And finding the right fit is worth the investment.
When middle market exporters and importers-companies with annual sales in the $20 to $300 million range-look for the right trade bank these days, it can sometimes be a daunting exercise.
Diamond Walnut, a cooperative in Stockton, California that sells over $100 million a year in processed nuts to Europe and Japan, finally decided the time for a change had arrived; its banking relationship of 50 years had become a poor fit.
John Santillano, Diamond's credit and banking manager, found that the larger the bank had become, the more he and his staff felt lost in an institutional maze, more like "a number than an individual." But, while the old bank's interest had waned, plenty of others were eager to bid for its business. "We narrowed it down to four or five," he reports.
Diamond Walnut finally chose Bank of the West, a California regional middle market lender that has made trade a priority. "We were interested in their ability to offer a package of services, including treasury management, foreign exchange, and collections, as well as some credit."
The bank is owned by BNP-Paribas, a large French institution. "We see BNP's big overseas presence as a selling point," Santillano said. Diamond is sometimes paid in euros, and Bank of the West-BNP has the expertise to manage foreign exchange exposure very skillfully, he added.
Otis McAllister, a San Francisco exporter-importer of processed-packaged foods ($70 million a year), tells a comparable story. Its former bank was helpful, but too small for some of the trade services it requires, and "the large banks aren't interested in our business," says Rob Westerlund, Chief Financial Officer.
His search led to Union Bank of California, which has a long history in trade services, and focuses on middle market importers and exporters. Union Bank is providing collections and payments, as well as working capital (Otis has a revolving line that rolls over each month). The bank works with the U.S. Export-Import Bank on the credit line.

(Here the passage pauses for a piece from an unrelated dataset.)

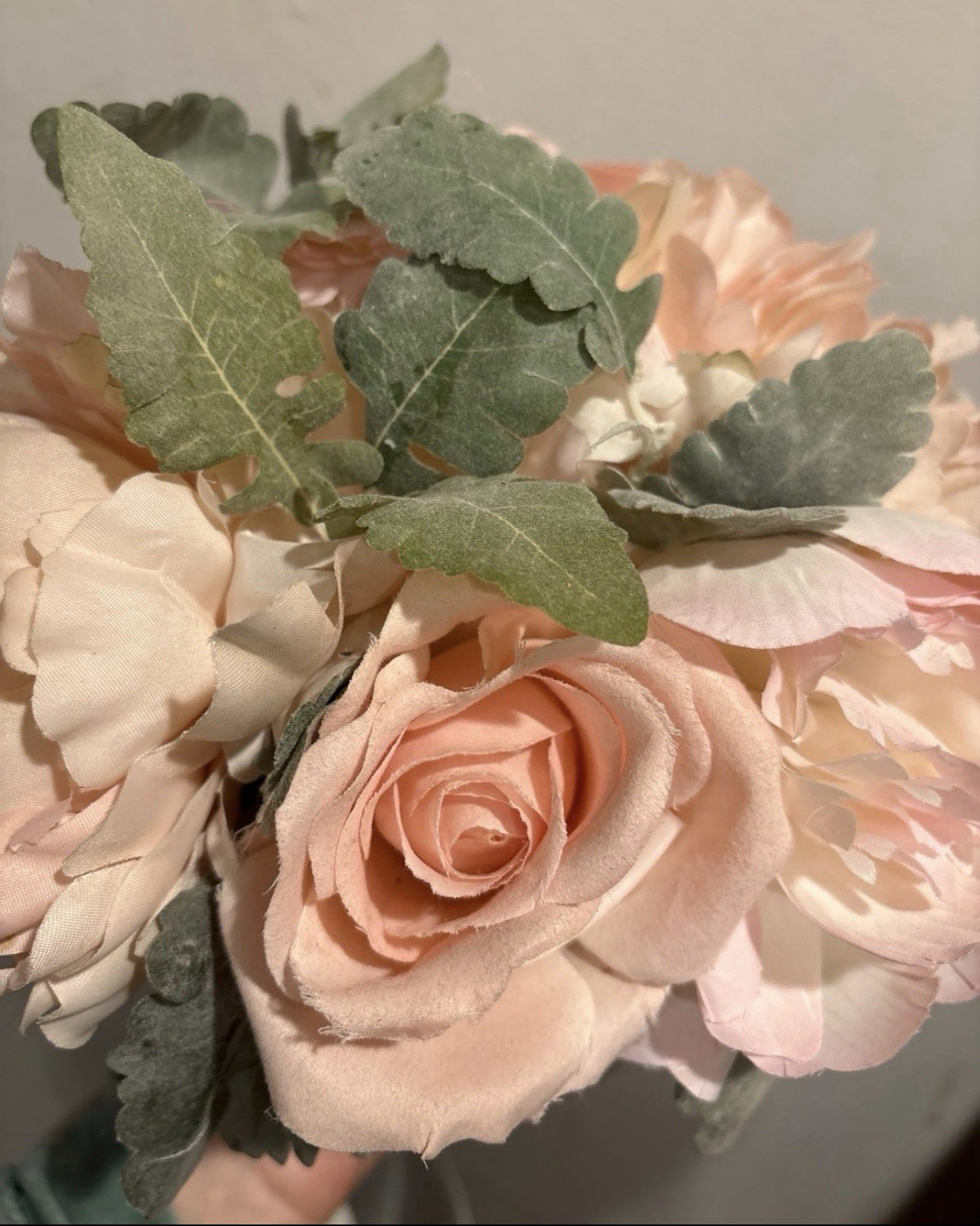 Artificial Pink Rose & Peony Flower Arrangement in Ceramic Vase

San Antonio Trade Group, in Texas, also found it necessary to search for a good bank "fit" for its equipment exports (it sells a lot of construction equipment in Mexico). It chose RZB Finance in New York, a finance company unit of RZB Bank, an internationally active Austrian institution that specializes in delivering U.S. Ex-Im Bank guarantees and insurance programs to U.S. middle market exporters focused on key emerging markets.

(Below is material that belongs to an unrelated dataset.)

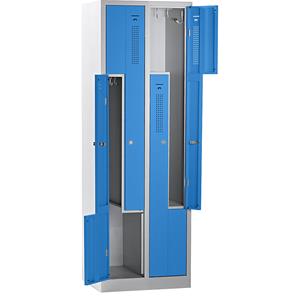 Eurokraft basic AMSTERDAM Z-garderobekast, breedte 590 mm, 2 afdelingen, 4 deuren, deur lichtblauw, kastframe lichtgrijs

Behind these experiences is a towering trend: the continuing consolidation among commercial lenders. Fifteen years ago, the U.S. had over 14,000 banks; today they number fewer than 9,000.

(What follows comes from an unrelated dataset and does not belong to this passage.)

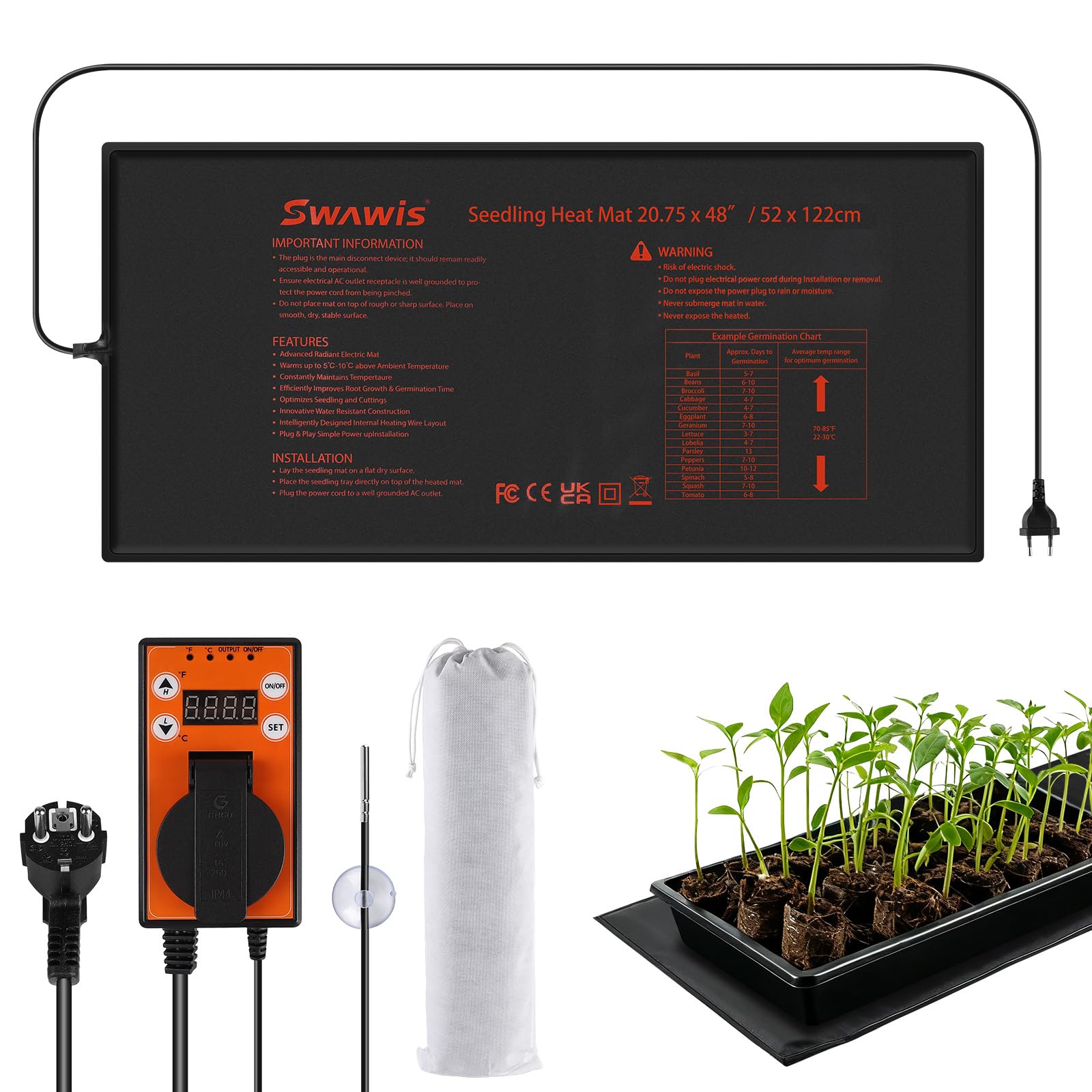 SWAWIS Grzejnik do Roślin 130W, 52,7x121,9 cm, z Oddzielnym Termostatem 5-42°C, IP67, do Szklarni, Ogródków, Terrariów – Z Torbą do Przechowywania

And, choosing from that earlier roster, middle market traders could usually find banks that were interested in their business, and capable of delivering what they needed. It's true, this was more the case in the trading cities along the coasts, but long-distance relationships also were available.
Now, the march of consolidation has often (but not always) meant that the enlarged institutions have abandoned smaller and middle sized firms, often in both their domestic and international activities. And, ironically, in the past the largest banks had the most sophisticated trade know-how and dominated the field. Nowadays, however, they often deal only with a narrow clientele: sizable corporate customers and hefty minimum size transactions.
But, there's good news, along with the bad out there, for the middle market. For one thing, consolidation has given more reach to some banks that have chosen to stick with middle market firms, not abandon them. For another, some regional lenders or specialty institutions are now owned by foreign-based banks that have made trade a top priority.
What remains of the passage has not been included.